As can be said for almost all of his albums, The Weeknd’s vocal performance never waivers on “After Hours.” He delivers outrageous vocal riffs with such ease throughout the entire project, and this is when The Weeknd is at his best. 

The Weeknd has one of the best vocal ranges in the entire music industry, and he displays his mastery of falsetto, the method of singing higher notes outside the singer’s normal range. “Scared to Live,” “Save Your Tears” and the album-titled track “After Hours” are exceptional examples of The Weeknd’s vocal talent.

Before jumping into a new wave groove, The Weeknd opens the track “After Hours” with beautifully high notes to add some high-end substance to an atmospheric, moody instrumental. His vocals are often a brilliant contrast to the full, booming basslines sprinkled throughout the project.

Yet, one of the project’s few shortcomings relates to the use of The Weeknd’s vocals as well. Despite displaying incredible skill and flexibility with his voice, The Weeknd sometimes “overproduces” his voice on “After Hours.” On tracks like “Alone Again” and “Too Late,” The Weeknd almost drowns out his own voice with effects and filters. 

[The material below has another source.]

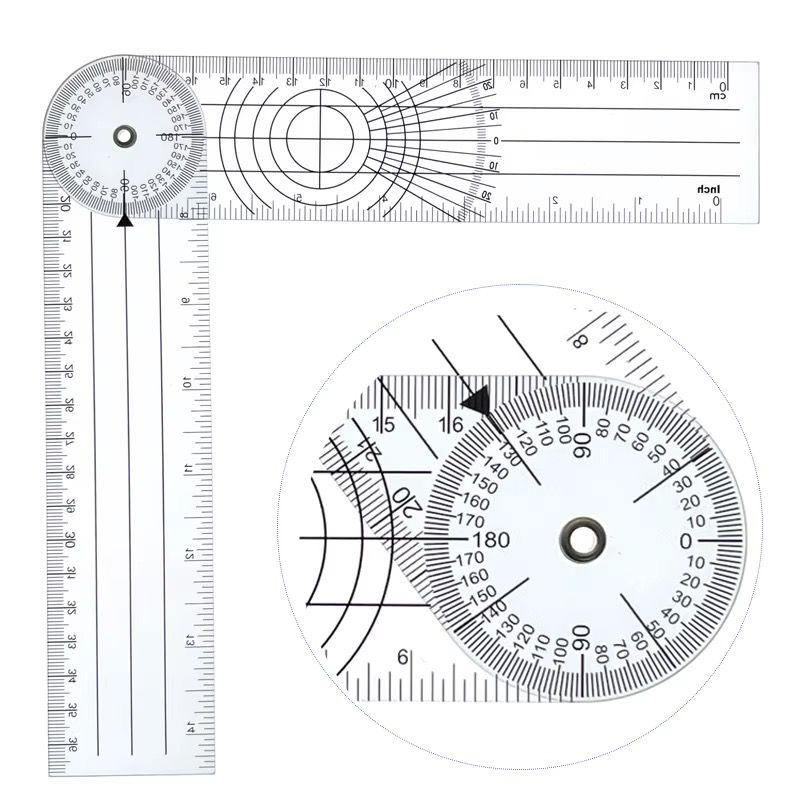 Goniometer Medium - Image 2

By design, these effects are supposed to add some substance to the song to compliment the instrumental. Yet, for an artist who is as gifted as The Weeknd, his voice sounds much better unprocessed and unfiltered. The artistic vision remains intact, but a few of these tracks suffer from too much overproduction. However, The Weeknd’s voice remains at center stage despite this minor flaw.

Genre-bending? Try genre-fusing

While The Weeknd is no stranger to infusing pop and R&B, he does so with such deftness and complexity on “After Hours.” For a few of his previous projects, the marriage of R&B and pop never seemed like much of a reality. “Starboy” and “My Dear Melancholy,” are excellent examples. On “My Dear Melancholy,” the intro track “Call Out My Name” exhibits The Weeknd in his R&B environment. The slow, pitter-patter drums coupled with dark keys make for an excellent tune, but when compared to tracks like “Wasted Times,” the two are not cohesive on a project together.

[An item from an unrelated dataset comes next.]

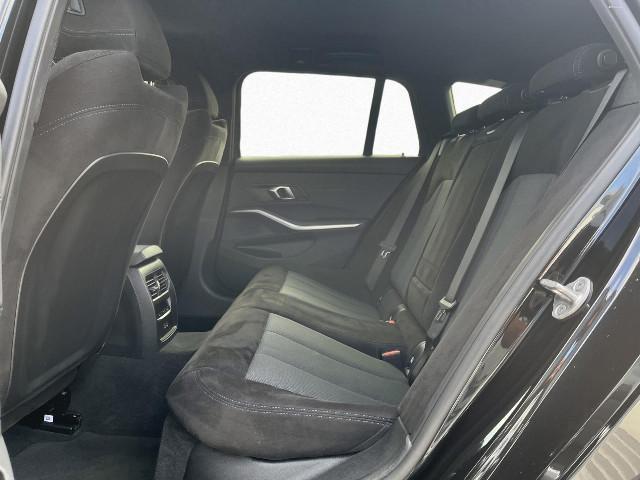 BMW 3er Touring – Bild 7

However, it seems that The Weeknd has finally found the perfect blend on “After Hours.” After years of chart-topping success, The Weeknd pieces together 14 tracks that feel natural and cohesive as a unit. Rather than bending genres, The Weeknd embraces new wave, dream pop and R&B to paint a perfect image of the artist’s vision.


Perhaps the best example on this project is one of the album’s lead singles, “Blinding Lights.” I have to admit, “Blinding Lights” is perhaps one of the best Weeknd singles in his discography. The bright, shining synths set the mood perfectly to create an addictive eighties-esque pop anthem.

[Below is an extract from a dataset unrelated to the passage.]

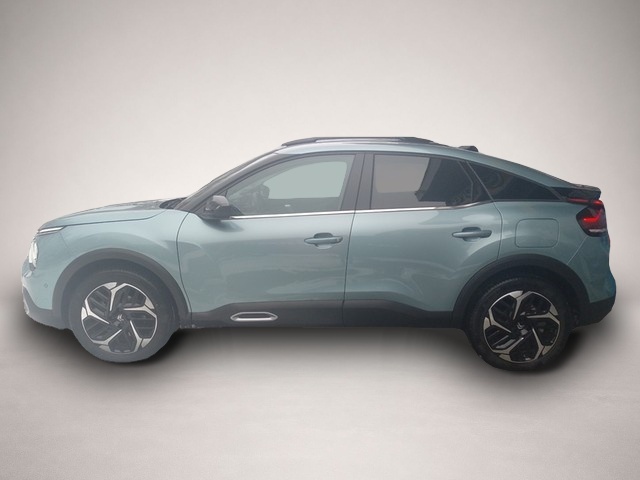 Citroen C4 (11/2023, Benzin)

The preceding track, “Faith,” set “Blinding Lights” up brilliantly. As it is slightly darker sonically, The Weeknd effortlessly transitions from a new wave bop from “Faith” to a dream-pop experience with “Blinding Lights.” This kind of cohesiveness is apparent throughout the album, and The Weeknd creates an experience that puts the listener in the center of his world.


While it may not reach the highs of the mixtapes in his “Trilogy” series, “After Hours” is certainly The Weeknd’s best studio album to date. He finds the perfect balance in his vision, creating a villain in the process that listeners can audibly experience a life plagued by heartbreak, drugs and stardom. “After Hours” serves as a benchmark for The Weeknd, and hopefully he continues to build on his success after the project inevitably dominates the charts.

“After Hours” is available on all streaming services.